Work item:
From the first line of the data below through the line holding "Screenshot chat2desk.com", output each line exactly and leave the pictures out.

□ □ □ □

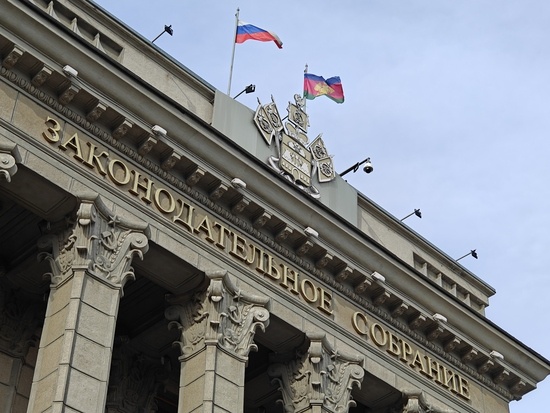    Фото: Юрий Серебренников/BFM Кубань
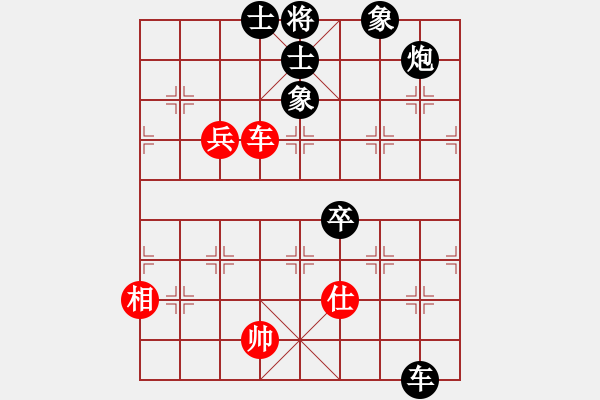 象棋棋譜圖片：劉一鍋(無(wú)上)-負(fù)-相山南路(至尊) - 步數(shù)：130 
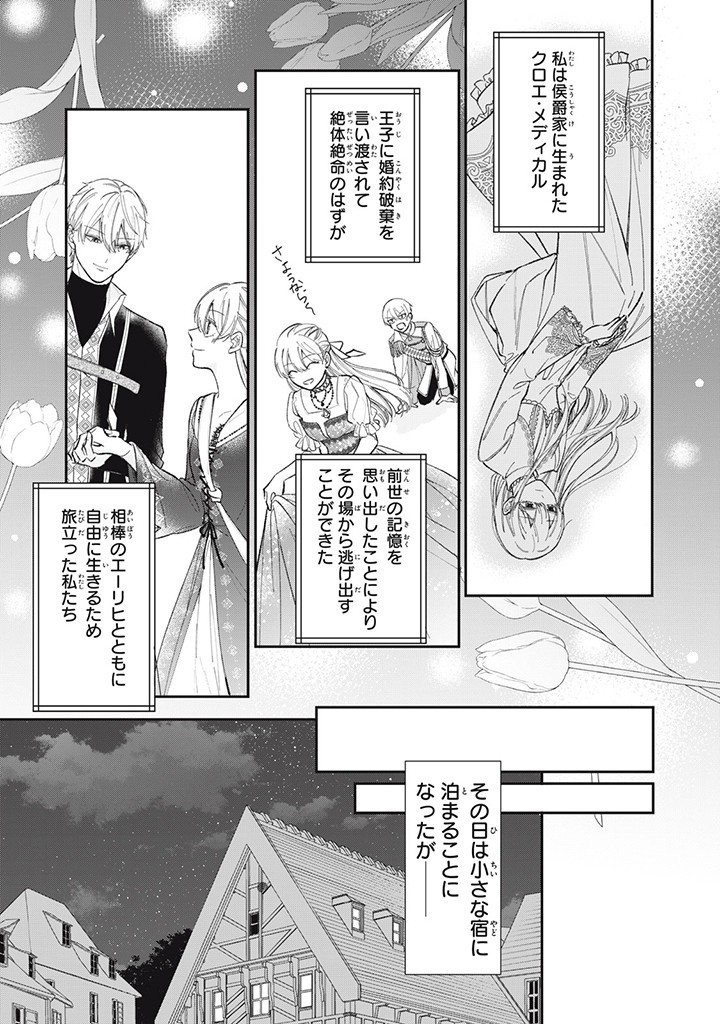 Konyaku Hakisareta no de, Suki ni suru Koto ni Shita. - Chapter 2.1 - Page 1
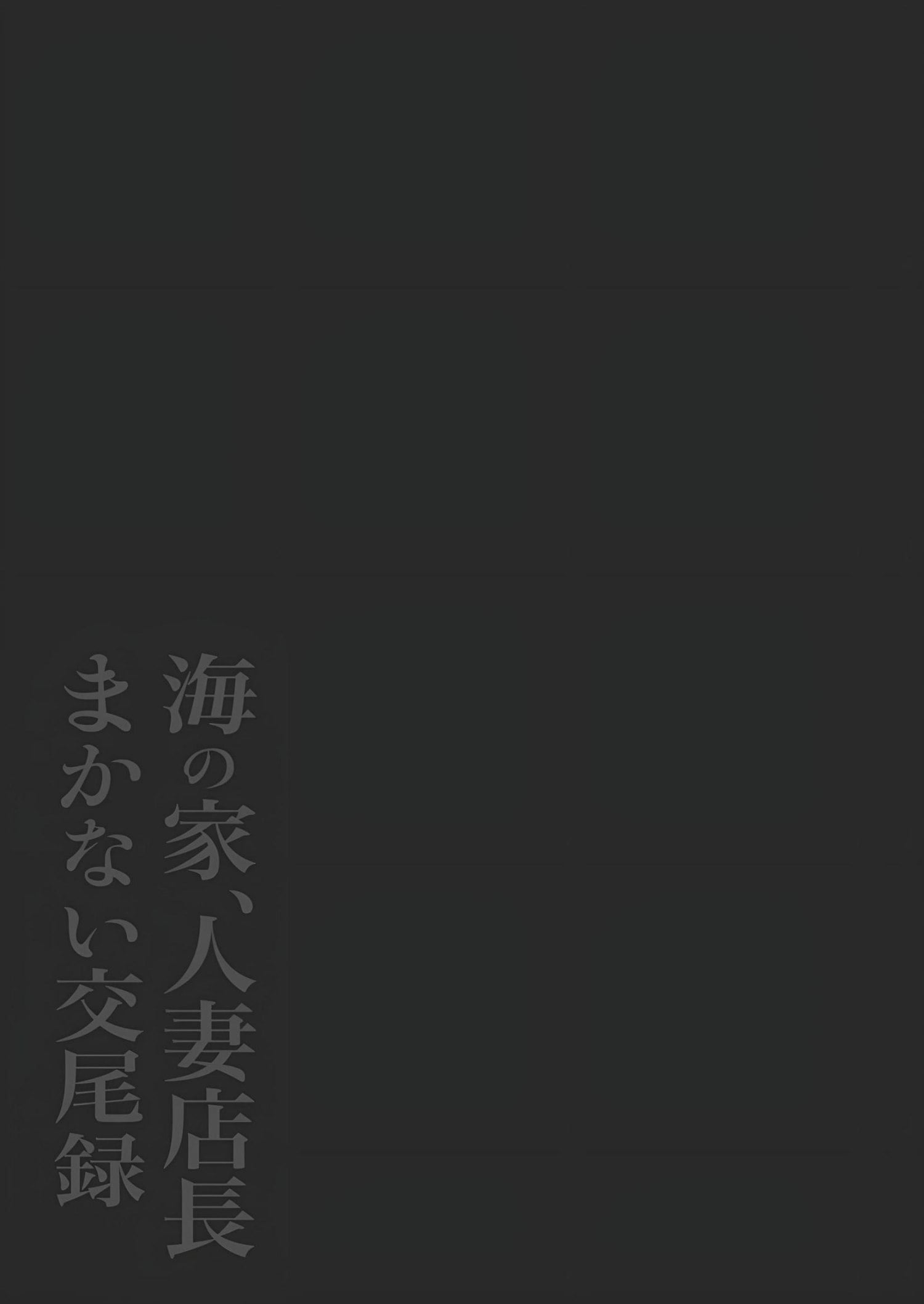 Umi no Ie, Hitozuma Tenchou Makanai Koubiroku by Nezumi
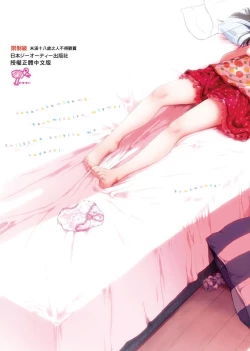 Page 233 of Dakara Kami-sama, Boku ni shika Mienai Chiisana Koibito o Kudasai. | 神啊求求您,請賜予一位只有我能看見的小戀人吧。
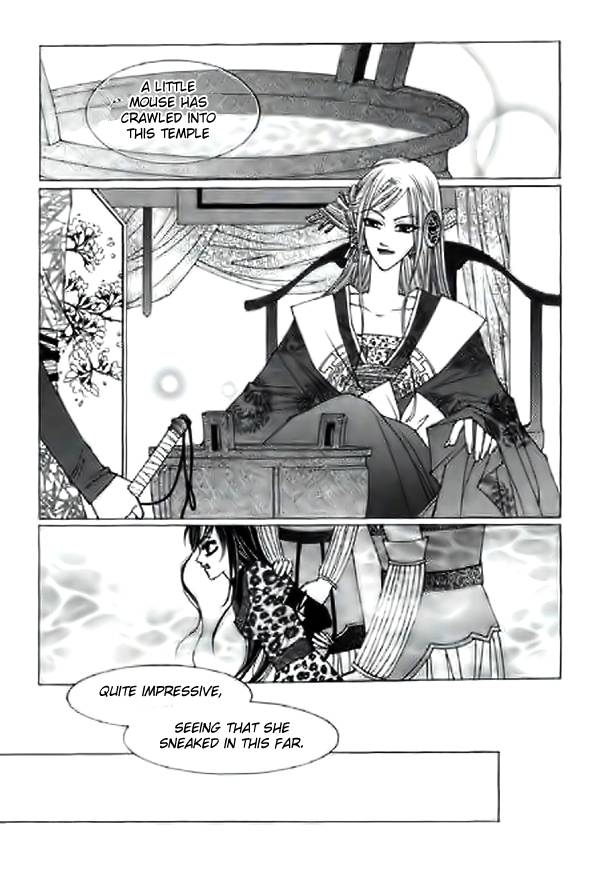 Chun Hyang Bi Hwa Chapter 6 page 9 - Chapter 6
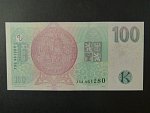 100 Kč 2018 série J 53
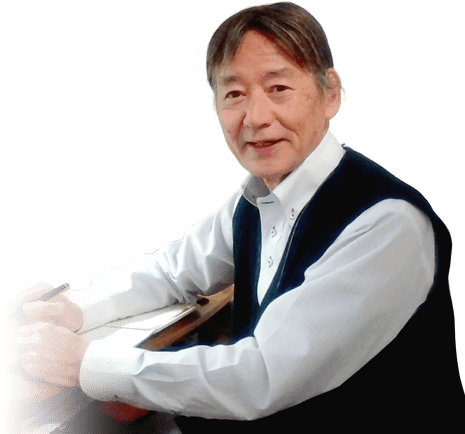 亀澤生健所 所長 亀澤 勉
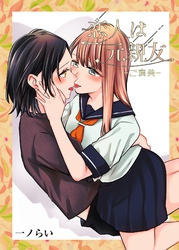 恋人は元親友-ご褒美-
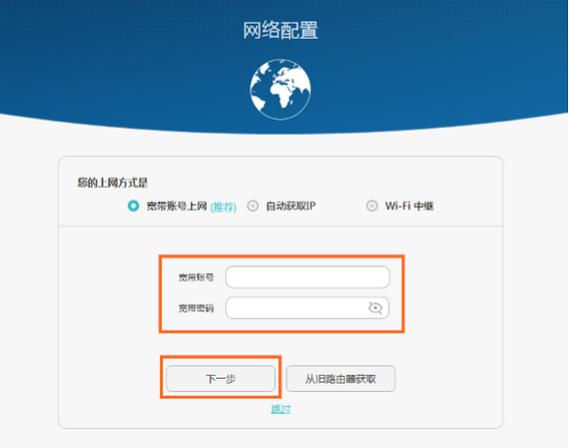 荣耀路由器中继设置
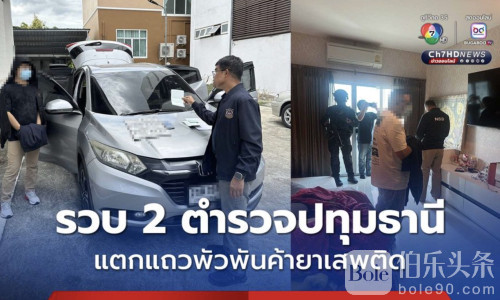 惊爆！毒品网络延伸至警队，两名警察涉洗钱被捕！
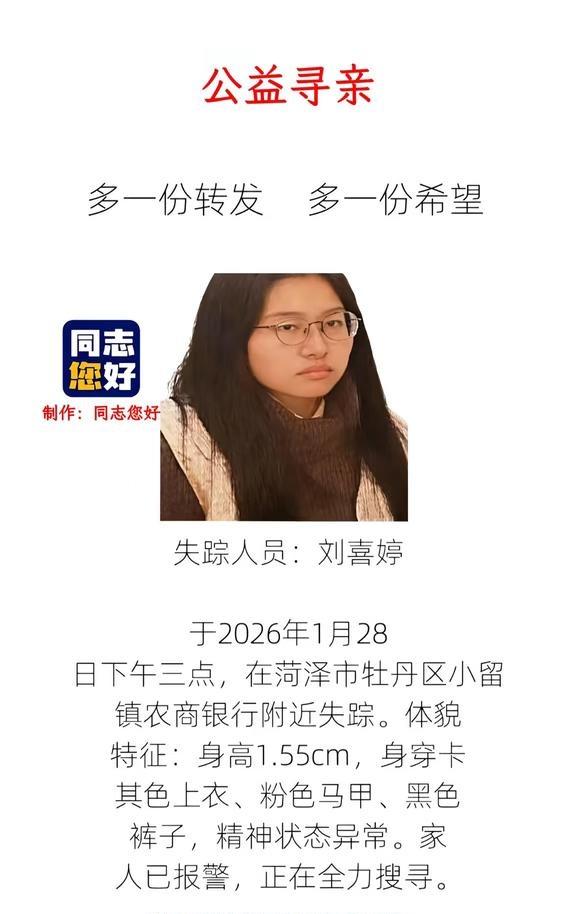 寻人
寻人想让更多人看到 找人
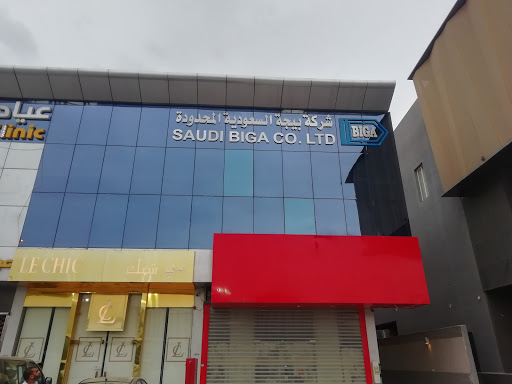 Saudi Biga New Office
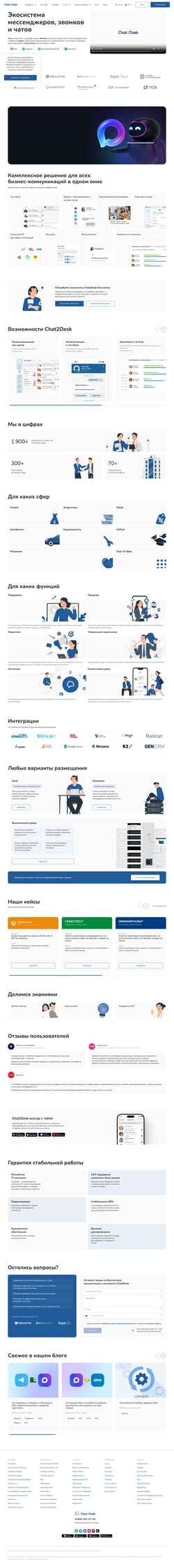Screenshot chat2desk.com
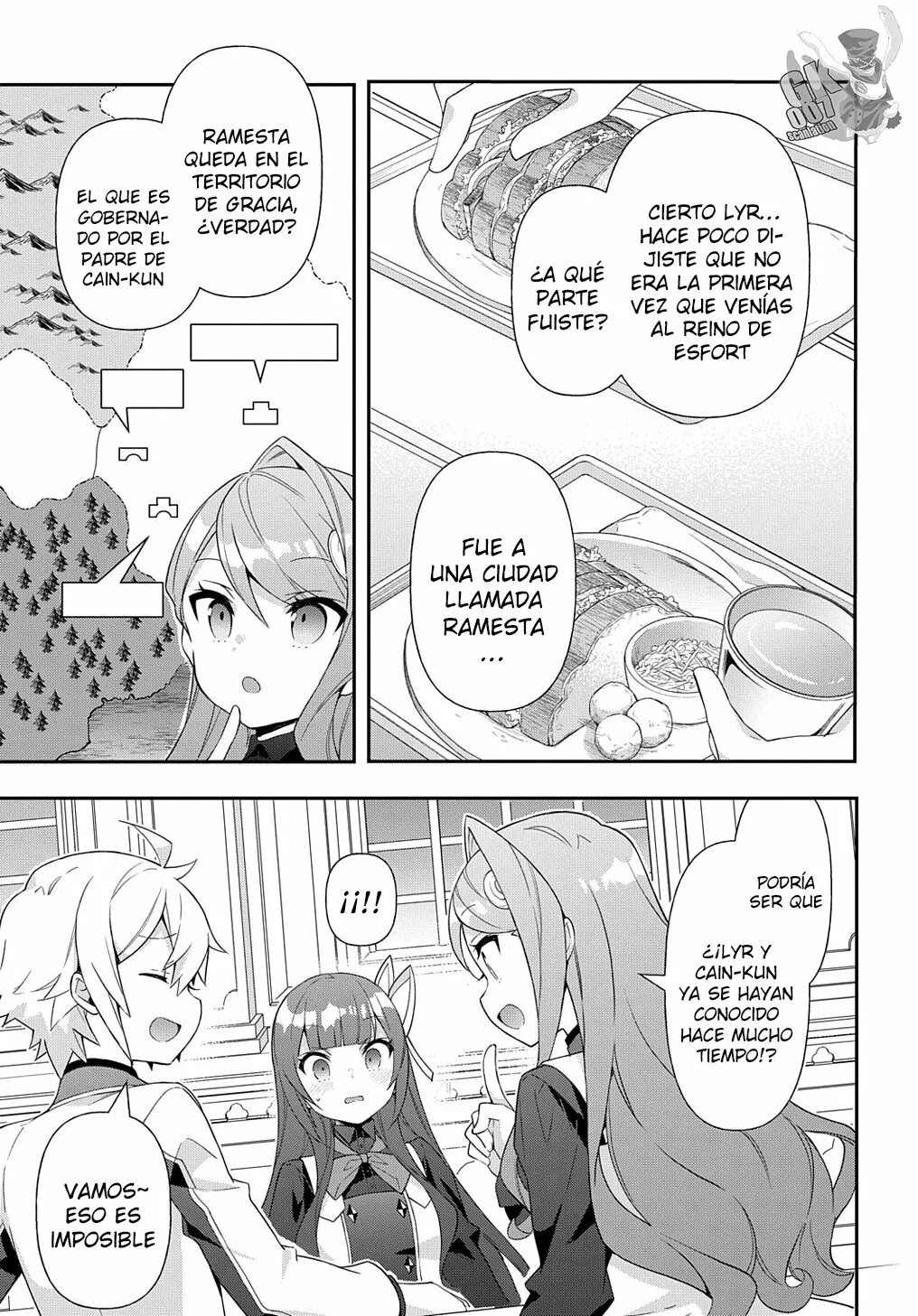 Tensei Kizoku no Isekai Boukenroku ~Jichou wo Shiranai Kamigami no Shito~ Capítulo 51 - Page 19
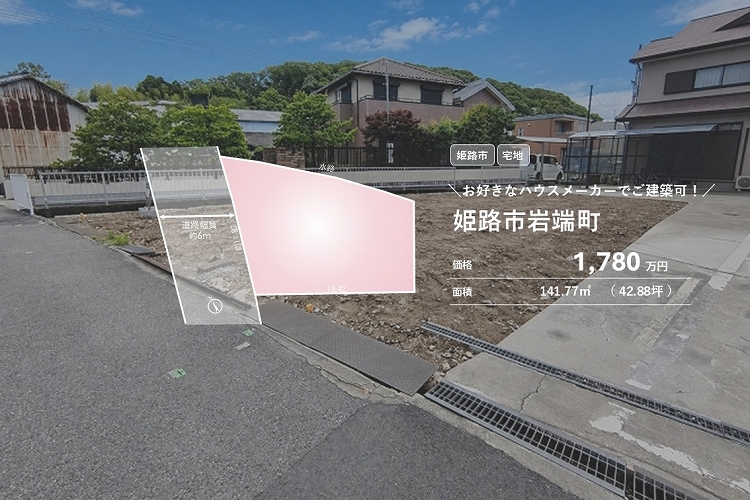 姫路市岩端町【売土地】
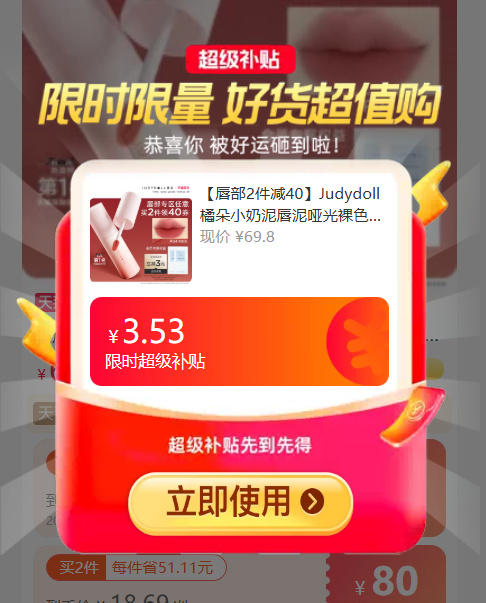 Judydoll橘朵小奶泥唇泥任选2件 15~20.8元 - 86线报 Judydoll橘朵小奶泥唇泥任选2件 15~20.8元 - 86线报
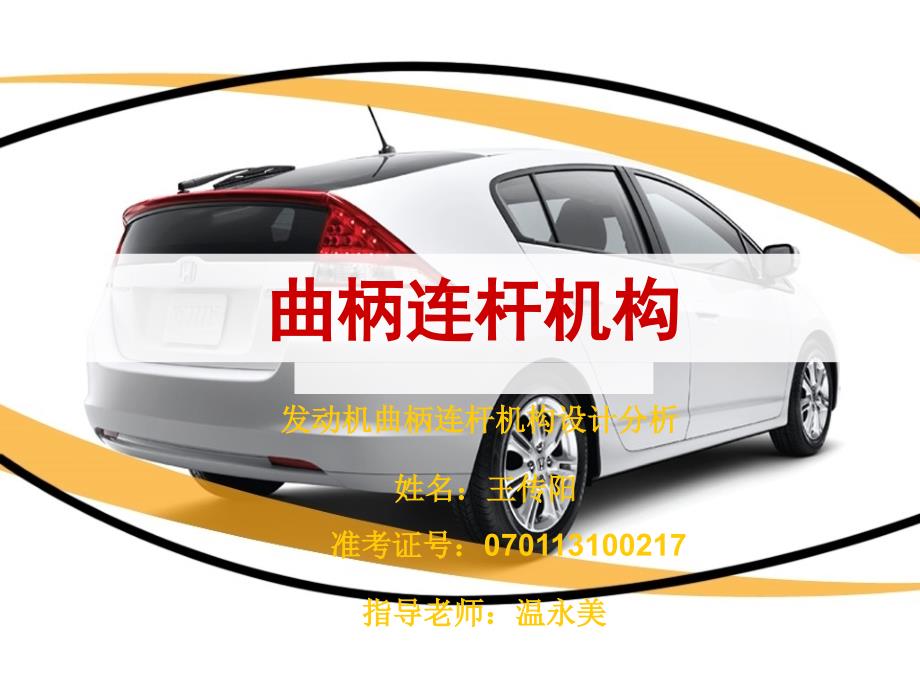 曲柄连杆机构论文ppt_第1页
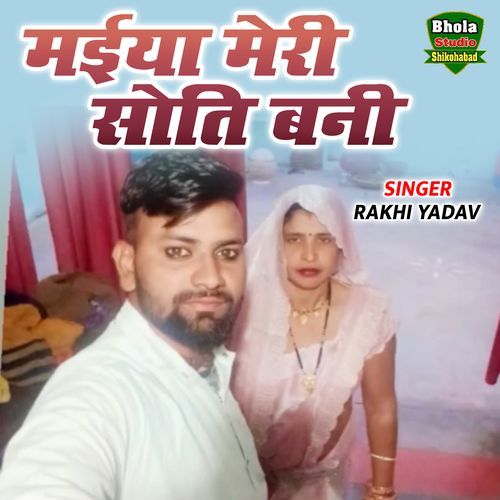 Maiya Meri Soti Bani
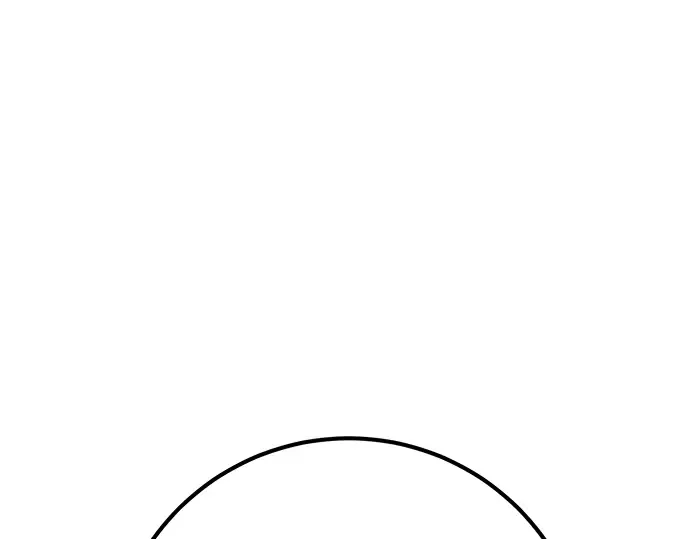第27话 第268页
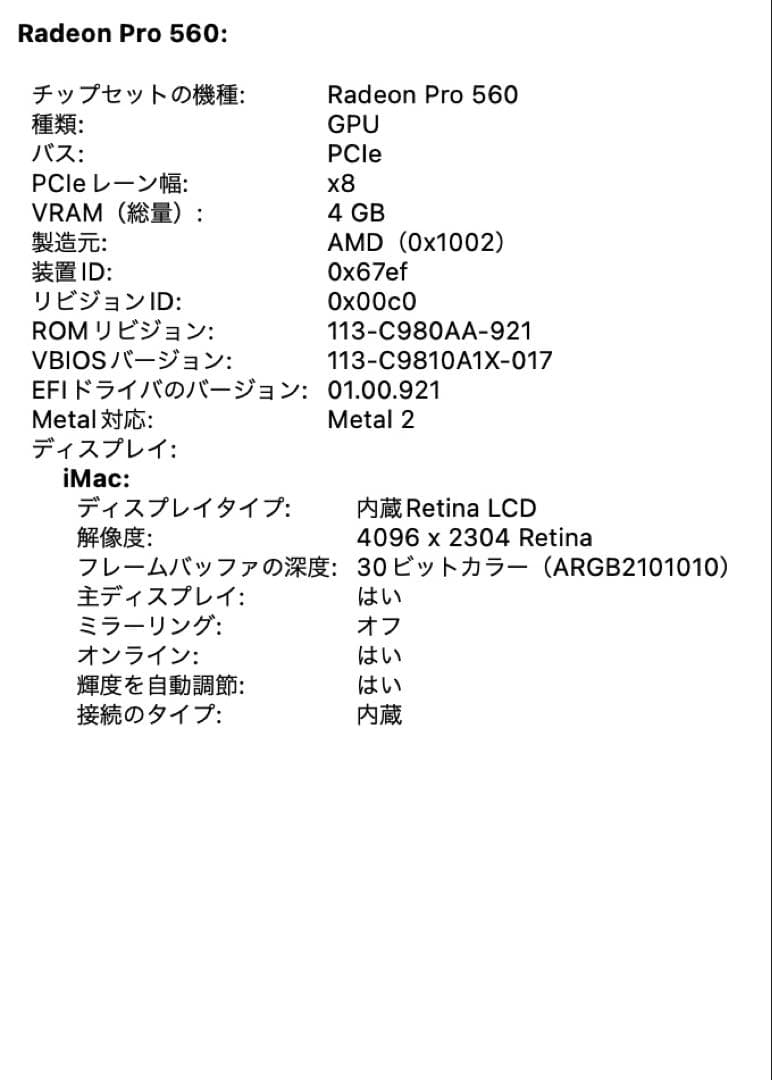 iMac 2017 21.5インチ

□ □ □ □

Task output:
    Фото: Юрий Серебренников/BFM Кубань
 象棋棋譜圖片：劉一鍋(無(wú)上)-負(fù)-相山南路(至尊) - 步數(shù)：130 
 Konyaku Hakisareta no de, Suki ni suru Koto ni Shita. - Chapter 2.1 - Page 1
 Umi no Ie, Hitozuma Tenchou Makanai Koubiroku by Nezumi
 Page 233 of Dakara Kami-sama, Boku ni shika Mienai Chiisana Koibito o Kudasai. | 神啊求求您,請賜予一位只有我能看見的小戀人吧。
 Chun Hyang Bi Hwa Chapter 6 page 9 - Chapter 6
 100 Kč 2018 série J 53
 亀澤生健所 所長 亀澤 勉
 恋人は元親友-ご褒美-
 荣耀路由器中继设置
 惊爆！毒品网络延伸至警队，两名警察涉洗钱被捕！
 寻人
寻人想让更多人看到 找人
 Saudi Biga New Office
Screenshot chat2desk.com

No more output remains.